本件土地が斎藤武司の所有名義になつていた原因は、同人が右会社から譲渡を受けたものか、信託的に譲渡を受けたものである。斎藤武司は斎藤楽器の代表取締役であり、かつ、同人及びその家族において同会社の株式の大半を所有して居り、いわゆる同族会社の代表者として名実共に会社を独裁していた地位にあつた関係上、同人は自由に右会社の財産を処分していたのである。

第三、立証

原告指定代理人は甲第一乃至第六号証、第七号証の一乃至六、第八乃至第一〇号証を提出し、証人鈴木睦司、鈴木庄吉、斎藤武司、斎藤ぬい子、平野八郎、鈴木彦十の各証言を援用し、乙第一号証の成立を認め、被告訴訟代理人は乙第一号証を提出し、証人斎藤武司、高田信一の各証言並びに被告代表者本人尋問の結果を援用し、甲第一、第八号証の各成立を認め、その余の各号証は不知と答えた。

理由

斎藤楽器が、本件土地をそれぞれ原告主張のように訴外鈴木庄吉らから買受けたこと、右につき所有権移転登記手続未了の間に斎藤武司が右の旧所有者から直接同土地を買受けた旨の所有権移転登記がなされ、ついで被告が同人からこれを譲受ける契約をしてその旨所有権移転登記手続を経たことは当事者間に争がない。

被告は、斎藤楽器は未登記であるから第三者である被告にその所有権を以て対抗し得ない旨主張するけれども、斎藤楽器が右鈴木庄吉らから本件土地を買受けてその所有者となつたことは被告の自認するところであり、斎藤武司が有効にその所有権を譲受けたかどうかが本件の争であつて、これは登記の対抗力の問題ではない。

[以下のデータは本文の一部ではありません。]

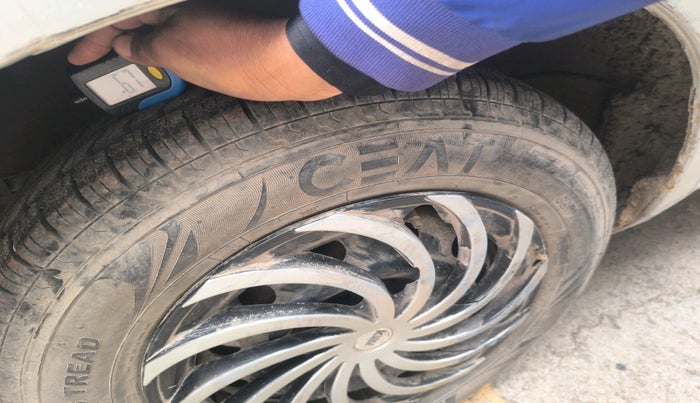 2012 Maruti Ritz VDI, Diesel, Manual, 79,915 km, tyre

従つて斎藤楽器と被告との間に関する限り、被告は登記を経ていなくてもその所有権を主張し得る筋合のものであるから被告の抗弁は理由がない。

よつて、斎藤武司のためになされた所有権移転登記は、その実体を伴うものであるか否かについて考察する。被告はこの点につき、本件土地は斎藤武司が斎藤楽器から単純または信託的に譲受けたもので中間省略の登記をした旨主張するけれども、この点に沿う証人斎藤武司及び高田ぬい子の各証言の一部は信用することができない。もつとも当時斎藤武司が斎藤楽器の代表取締役であつたことは当事者間に争がなく、右信用しない部分を除く各証人の証言に徴すると、当時斎藤楽器は経営困難となり、債務超過のため、新しく資金を導入する必要にせまられた結果、被告会社に融資を仰ぎ、その意向に従つて被告会社に対し、一旦右土地の所有権を斎藤武司名義にした上被告会社に所有権移転登記をしたことは認められる。しかしながら、右認定に係る、当時斎藤楽器が債務超過の状態であつたこと、成立に争のない甲第一号証の記載と当事者弁論の全趣旨によつて認められるところの同会社が多額の国税を滞納し、ことに斎藤武司名義に所有権移転登記手続を経た昭和三十年七月の直前である同年六月二十一日には国により斎藤楽器の材料が差押えられた事実及び斎藤楽器所有の本件土地を同会社に対する資金導入のためとはいえ斎藤武司個人の所有名義と変更することが経験則上合理性を欠き、しかもこれにつき被告の全立証を以てするもその妥当性をうなずかせる根拠を認めることができない点を総合すると、前記本件土地を斎藤武司個人名義に所有権を移転することに関しては同人と斎藤楽器との間に実体的な何らの契約もなく、本件土地が未登記であつたことを幸に、斎藤武司が他からの差押を免れるためほしいままに、登記簿上本件土地の所有名義を自己個人に変更したものと認めるの外はない。この点に関し証人斎藤武司は斎藤楽器の承認を得た旨証言するけれども、これは前記のとおり当裁判所の信用しないところである。しかして、右信用しない証言を除いて、以上の認定を覆すに足る証拠はない。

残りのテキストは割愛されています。